Jakarta, IDN Times - Pakar Hukum Tata Negara Universitas Indonesia (UI), Titi Anggraeni, mengatakan momen pemungutan suara ulang (PSU) menjadi ajang sengit bagi para calon anggota legislatif untuk mendapatkan kursi. Berdasarkan pengalamannya dalam beberapa PSU di Tanah Air, angka partisipasi di pemilihan ulang memang menurun. Tetapi, justru saat pemilu ulang praktik jual beli suara meningkat.
"Karena setiap suara berharga untuk menentukan keterpilihan menjadi suara terbanyak di internal partai dan mendapatkan kursi. Ternyata konfigurasinya, suara itu menjadi akrobat. Entah antar partai atau caleg di satu partai," ujar Titi ketika dihubungi IDN Times, Minggu (10/3/2024).
Ia kemudian memberikan contoh sebuah partai, sebelum dilakukan pemilu ulang hanya memperoleh 15 suara. Suara calegnya di bawah angka puluhan. Tapi setelah dilakukan pemilu ulang, suara partainya naik menjadi 85. Sedangkan suara caleg menjadi 74.
"Maka, PSU menjadi penentu bagi caleg yang suaranya masih rentan untuk terpilih dan mendapatkan kursi. Ini sangat berbahaya," kata dia.

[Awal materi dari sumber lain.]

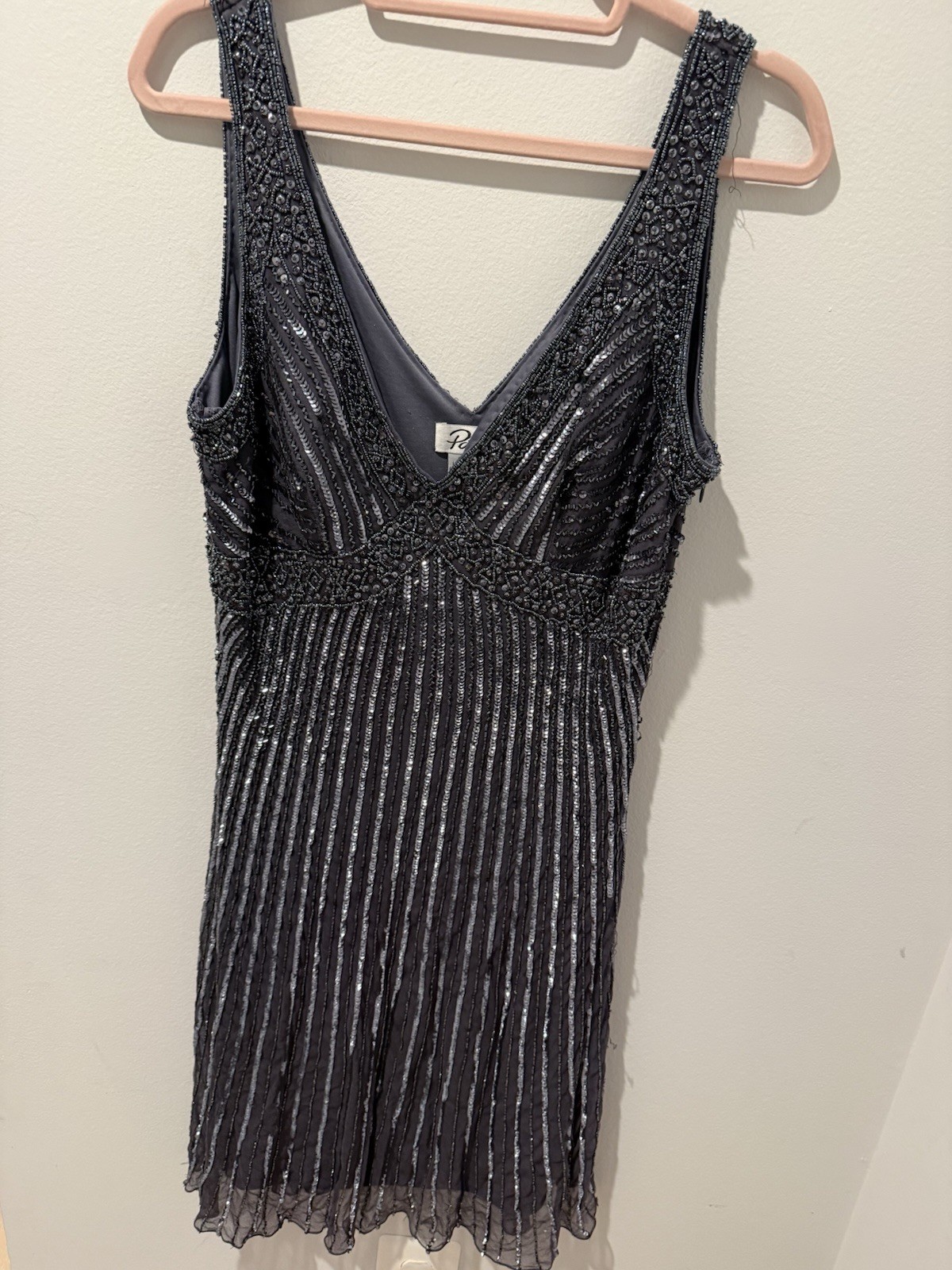 Vintage Patra Silk Beaded Cocktail Dress Size 14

Sementara, rekapitulasi pemilu di luar negeri sudah nyaris rampung dilakukan. Satu-satunya Tempat Pemungutan Suara (TPS) yang tersisa kini berada di Kuala Lumpur, Malaysia. Di sana, digelar pemilu ulang pada hari ini. Metode pemilu ulang yang digunakan yakni dengan hadir di TPS di World Trade Centre (WTC) dan Kotak Suara Keliling (KSK).
Titi pun menyebut, tidak tertutup kemungkinan celah seperti di pemilu ulang Tanah Air juga terjadi di Negeri Jiran.